More details will be forthcoming soon.

Requirements
------------

The VB holds cache blocks in a per-block write version (WV) order. When 
a new speculative version of a block is created, the old version is 
added to the tail of the VB.  When a speculative block is replaced 
from the L1 cache, it inserted at the tail of the VB.  The VB head can be 
written to the L2 only if it is non-speculative.  Key VB mechanisms:

* Insert block at tail
* Remove non-speculative block from head
* Find the most-recently WRITTEN version of a block.
* Find the most-recently COMMITTED version of a block.
* Remove ALL versions of a block.
* Make clean ALL versions of a block.
* Make version i non-speculative
* Invalidate version i (and greater)

A real VB might have 128 entries, 8 possible versions, and 64 byte
data blocks. For this project, your VB will have 16 entries, 4 possible
versions, and 8 bit data blocks.  Addresses will be also be 8 bits 
(rather than a more typical 40-50 bits).

L1 cache blocks are presented to the VB with:

* valid bit (V)
* address (8 bits)
* dirty bit (D)
* write version (WV) (2 bit binary encoding)
* read version set (RVS) (4 bit unary encoding)
* speculative flag (SF)
* data (8 bits)

Assume all addresses are physical. If SF=0 then WV is ignored.

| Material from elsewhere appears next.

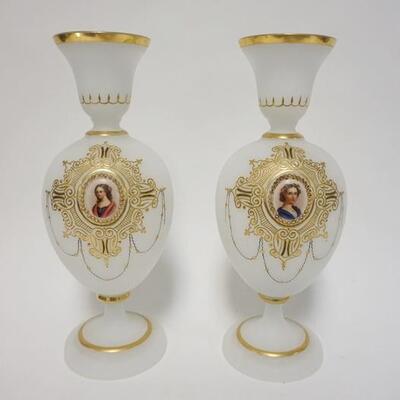 1015	PAIR OF SATIN GLASS BRISTOL VASES W/HAND PAINTED MEDALLION PORTRAITS & GILT ACCENT TRIM, 12 IN HIGH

The speed of the above mechanisms is not critical since they are
invoked only on creating an old version of block, L1 misses, and
coherence request not filtered the L2 cache.  Creating new versions
is most common and occurs are a rate of once per 1/(S*C) instructions
(1/(15%*50%) = 13 instructions -- this is too fast but C is probably
<< 50%).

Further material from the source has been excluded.